今回は令和4年度財務税制部会企画案の検討を議題として開催した。事務局より提示したテーマ案は次のとおり。

1.収益認識会計基準適用フォローアップ調査の実施に関する検討
 2.政策税制活用状況調査の実施に関する検討
 3.サスティナビリティ基準対応の必要性に関する検討

1. 収益認識会計基準適用フォローアップ調査の実施に関する検討について

 収益認識会計基準は昨年度が適用初年度であった。当部会では、工事進行基準の適用が経営課題となった工事契約会計基準への対応時よりもさらに、損益計算書のトップラインである売上計上ルールである本基準が情報サービス企業の経営に与えるインパクトは非常に大きいとの認識から、日本基準の開発に先立つIFRS第15号の公開草案開発当時より、10年余りの長きにわたり、意見発出、ガイドライン策定、論点整理公開等多彩な切り口で対応を続けてきた。

 これらを実施した立場からは、収益認識会計基準適用開始後に従前の課題の克服状況や積み残した課題の有無等を調査し、会計基準設定主体や規制当局への意見発出に繋げることが必要であるとの認識により、テーマ案として諮った。

委員からは、テーマのニーズはあるが、調査内容を吟味する必要があるので、いったん部会内で論点を出して意見交換を実施し、その結果をもとに調査の実施を判断することとなった。


2.政策税制活用状況調査の実施に関する検討

本テーマは昨年第2回の部会で検討しているので、まず事務局からその振り返りの説明を行った。

近年の税制改正では、デジタル化推進に係る措置が強化されてきた。
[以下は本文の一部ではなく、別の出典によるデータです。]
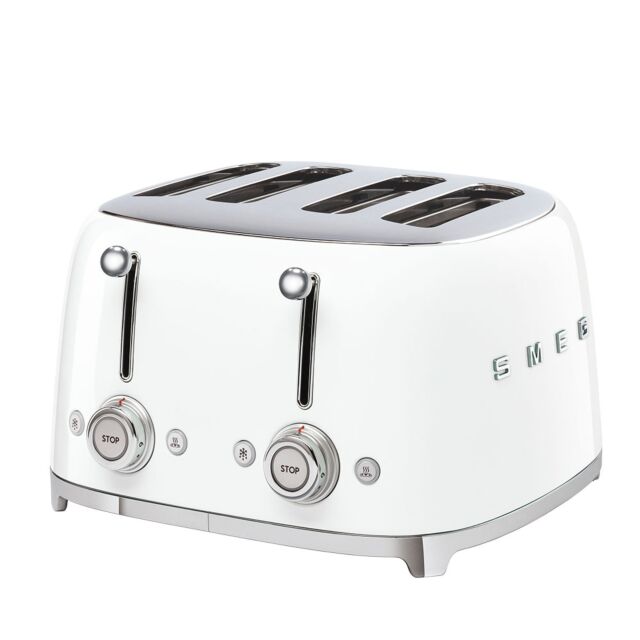 Smeg TSF03WHUK White 4 X 4 Slice Toaster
当部会で取りまとめた要望でも、長年の課題である研究開発促進税制の見直しはもとより、DX投資促進税制、5G投資促進税制、オープンイノベーション投資促進税制等について創設あるいは拡充延長を掲げ毎秋の政府与党への要望活動を通じて実現してきた。

しかし、これらの政策税制は実際に活用されているのであろうか。特に情報サービス産業の場合は、自社内での適用はもちろんのこと、デジタル化推進の旗振り役としての立場から、顧客企業への営業提案にもこれら税制の活用を織り込むことが期待される。仮に、これらが活用されていないのであれば、より活用が進むように制度のリメイクを要望したり、活用支援策を講じる必要があるのではなかろうか。
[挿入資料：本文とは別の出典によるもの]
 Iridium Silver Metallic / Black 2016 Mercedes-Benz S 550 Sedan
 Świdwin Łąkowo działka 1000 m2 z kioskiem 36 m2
以上の認識からテーマを諮った。なお、本テーマ案の検討では、政策税制について(1)社内での活用(2)顧客への提案に分ける考えが事務局より示された。

この結果、(1)社内での活用については、政策税制に留まらず、租税制度について実務者の視点から広く見直すべきものを洗い出すこととなった。 また、(2)顧客への提案については、財務経理部門の所掌範囲を超えることから、当部会の上位組織であるビジネス委員会に税制改正要望項目の洗い出しを狙いとして課題を提起し、実態とニーズの把握を行うこととなった。


3.サスティナビリティ基準対応の必要性に関する検討

経済産業省は、中長期投資に関する国際的な議論を背景として、2017年に「価値協創のための統合開示・対話ガイダンス-ESG・非財務情報と無形資産投資-」を公表した。これは、従来の財務報告に留まらない、企業と投資家との間の対話や情報開示の質を高める統合報告の基本的枠組みであった。これを嚆矢として、我が国の主要な上場企業の間では統合報告を開示する流れが鮮明となった。これは海外の統合開示基準開発の流れをふまえたものであったが、その推進者であるSASB(Sustainability Accounting Standards Board) とIIRC(International Integrated Reporting Council) が昨年合併し、VRF(Value Reporting Foudation) が発足した。直近では、世界的な脱炭素意識の高まりによるESG投資の拡大を背景として、IFRS財団がVRFの支援を受けて気候変動基準の開発を推進している。この動きについては、当部会でも昨年度第3回会合で経済産業省の業界団体別ヒアリングにアドホックに協力してきたところである。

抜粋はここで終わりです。